Background

Bacteria developed different types of motility, most of them driven by flagella or pili. The molecular processes that regulate motility in bacteria are an active area in research, as they form the basis for dispersion, tactile processes, and virulence in some pathogenic bacteria [1].

The particular type of bacterial swimming varies significantly among bacterial species and depends on the number of flagella and their distribution on the bacterial cell body [2]. The best studied example is the “run and tumble” motility type of Escherichia coli, in which counter clockwise rotation of flagella leads to a run phase, while clockwise rotation leads to a tumbling phase with a random cell rotation [3]. However, in recent years additional motility types were discovered, as the “forward-revers-flick” motility type in Vibrio alginolyticus [4] or the “stop-and-coil” type in Rhodobacter sphaeroides [5].

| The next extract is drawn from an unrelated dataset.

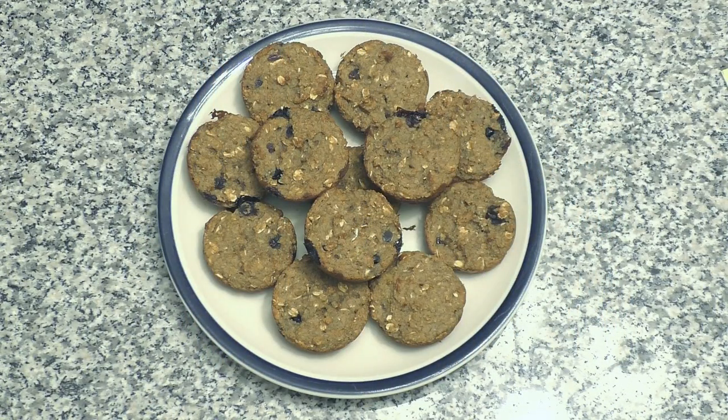These muffins have been baking in the oven at 350 degrees for 25 minutes. They are nice and toasty brown around the edges. Now we're going to change to a scene of me breaking these open so you get to see the insides, how good they are, and enjoy.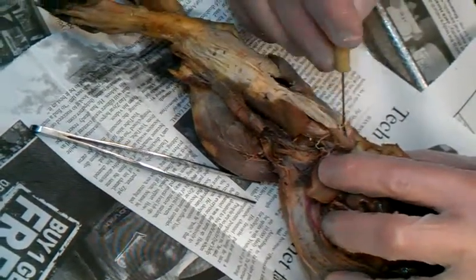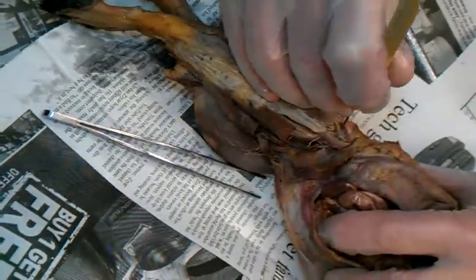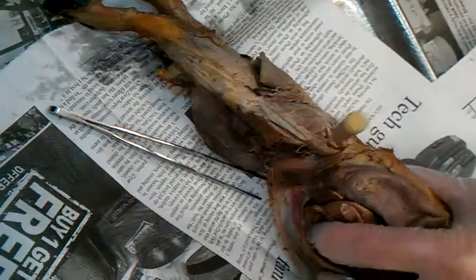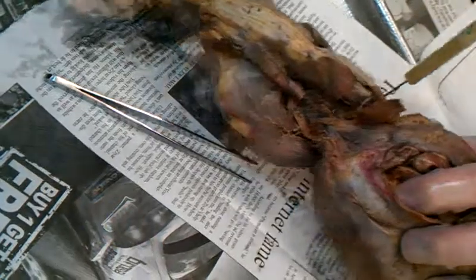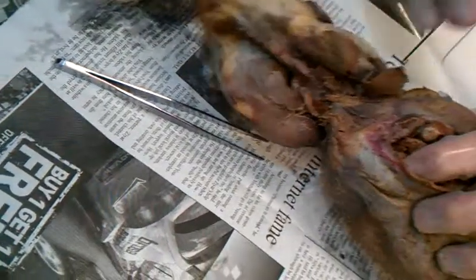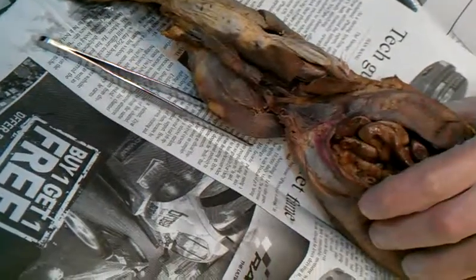All you have to do is separate them so you can see them, so that when your teacher gives you a test on the lab day and she sticks a probe in there like that, you can identify what it is from the other two. Or she may say the name and you'll have to find it and poke it. So if you can't find it on your own mink, you're in trouble.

To study bacterial motility pattern, microscopic monitoring and analysis of single cell motility is required. Manual analysis of motility videos increases the risk of inadvertent cherry picking, as well as being tedious. The application of video tracking software is thus advisable for the quantification of various motility parameters such as the average speed, the length of travel paths, the time of swimming and tumbling, arc-chord ratio, percentage of immotile cells, and preferred direction of travel.

To our knowledge, video tracking software, which can be used for this purpose, have been designed with a high priority on tracking accuracy, as for example TrackMate2 [6], or require additional licences to be used [7].

However, a high accuracy tracking program monitors several parameters per tracked object per frame and can quickly run into hardware limitations, when several hundred objects are simultaneously analysed. Using such programs forces the user to choose between fewer cells per frame or shorter videos in order to be still functional.

We therefore felt the need for an open-source tracking program, which uses only simple parameters for tracking, in order to be able to cope with the large amount of tracked objects for at least 5 minutes. Here, we use the grey value of the bacterium for detection, and the distance between frames for tracking. As the sample size is very large, typically in the range of several hundred bacteria per frame, the loss of tracked objects is less important. After initial tracking, we subsequently filter out questionable data points and tracks in multiple steps. We also include the possibility for statistical analysis of the generated data.

Software

File requirements

During the initial setup, YSMR requires various parameters to be set in an automatically generated settings file, “tracking.ini”. The file was created with the idea in mind that it should be simple to set the basic values, but still allow for more in-depth configurations. Basic required settings are pixel per micrometre factor, frames per second, frame dimensions, whether the bacteria are brighter or darker than the background, as well as whether rod shaped or coccoid bacteria are tracked.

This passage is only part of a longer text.